Some ideas of changes we have made:
Stir fry - doesn't go down very well at all!
We've tried to replace "normal" foods with extra veg - courgetti carbonara / spiralised veg in place of pasta, or half and half.
Big salads once a week - I figure the children will eat anything in mayo so we chuck in as many veg as possible - cucumber, cherry tomatoes, spring onions, red and yellow peppers, radishes, celery, lemon juice, seasoning and use low fat mayo. It's always a winner. Pair it with protein or a jacket potato.
Mayflower curry from home bargains for a gorgeous veg and potato curry. It goes down very well with the children too.
Don't use oil to cook.
Make sure you plan out breakfast, lunch and dinner and a pudding after dinner for everyone every week - saves money this way too.

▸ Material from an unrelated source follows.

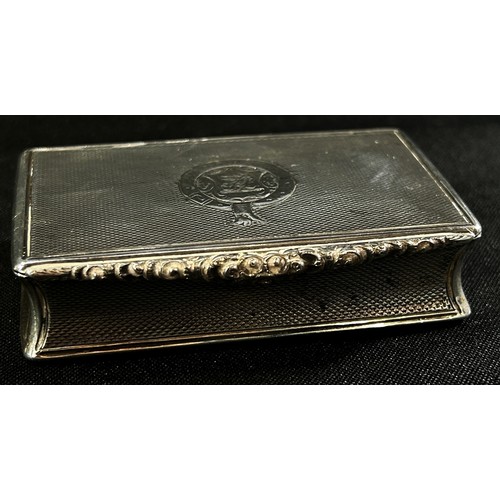 245 - A silver and gilt lined snuff box, Birmingham 1851, maker Joseph Foxhall & Co, 7.5 x 5 cm, 2.9 oz ap... 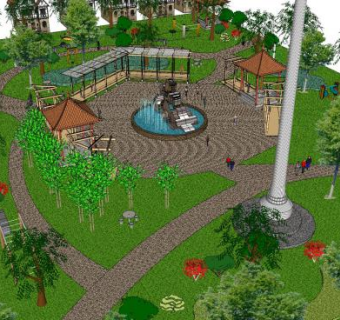 现代廊道公园小品SU模型下载_sketchup草图大师SKP模型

Only have fruit as snacks. (Or "proper" corn - the sweet and salty one is a wickedly yummy snack when you're craving sweetness!)
Don't snack in the evenings and mind your portion sizes, what we consider portions for the kids have turned out to be adult sized for the most part - so we have downsized the adult portion sizes and the kids too!
My 12 year old girl (very fussy) gets the same amount on her plate as my 5 year old.
When it comes to children remember less is more, it's better to ask for more than have too much on their plates and get overfaced.
Try new foods every week to discover different tastes.
Great idea on the side plates and the bowls - we use the Ikea kids stuff for the smaller children for cereal and puddings as they're great sizes.
Cereal for the kids is whatever is on offer, so it's usually crunchy nut cornflakes or shreddies or something and the odd box of krave.
We have Alpen or fruit and Greek yoghurt for breakfast - on a weekend we might have egg and mushrooms on toast or just egg on toast.
Have switched over to 1 sweetener (from 3 sugars!) and I've managed to kick the Diet Coke/fizz habit just by buying myself a pretty travel cup and having a jug of squash ready whenever I want a drink.
It's great that you're doing this and I don't think it's ever too late. So long as you can plan and stick to it it's not too difficult and I personally can't stick to a "diet" as such so just being a bit more proactive is helping us loads.
Good luck and hope I haven't waffled on too much!